Musings of a parent who doesn't know what she is doing

"You are my best friend"
Eric said that to me the other day when I was buckling him into his carseat. He was so sincere and the sweet look that was on his face when he said that was precious. I treasure these times as a parent. He wasn't looking for anything in particular, I think he just wanted to tell me his thoughts.
A few days later I would not let him get his way, and I dont think he saw me in quite the same light. Somedays I am a friend to him, somedays I am more "not very fun".

Parenting is quite a challenge and to those of us who really care and want to do right by our kids feel like we are failing miserably. We read books and listen to the tapes and when it seems like we get into sort of a rhythm, the floor falls out from under us and we have to totally reassess and remind ourselves that we have no idea of what we are doing. Well, at least that is what I do. Then I am reminded of The Perfect Parent. "I leave you My Peace which passes all understanding" "I am not a God of confusion, but of peace", "I will never leave you or forsake you." God our heavenly Father may not keep us from trials, but He does promise that He will be with us through them all.
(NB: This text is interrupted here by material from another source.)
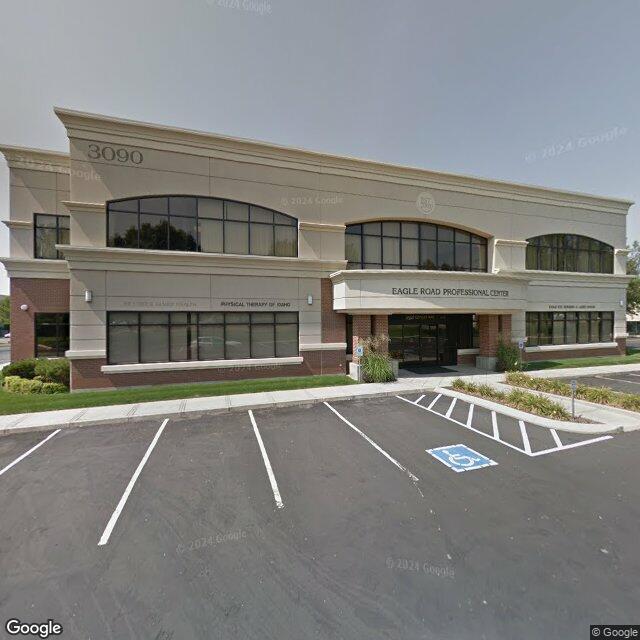 Eagle Eye Surgery and Laser Center Street View Image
The other day when Eric was kicking and screaming in Target, no less, and I did not know what to do or how to handle the situation, I just took a deep breath and prayed, "Lord, please give me the wisdom and peace to walk through this moment". Then lightning came down and wrote a magnificent solution on the wall and Eric instantly corrected his behaviour!!! Well, not exactly. I did have the assurance that I was not alone and when I look to the mountains...where does my help come from... it comes from the Lord. I will receive help from Him.
I rest assured that although I will make big parenting blunders, I know that God is big enough to spare my children from my humanness and build them up to be great men and women nonetheless.
Sometimes Eric kicks and screams in Target or the grocery store and my blood pressure rises and then sometimes he tells me that I am his best friend and my heart expands to overflowing.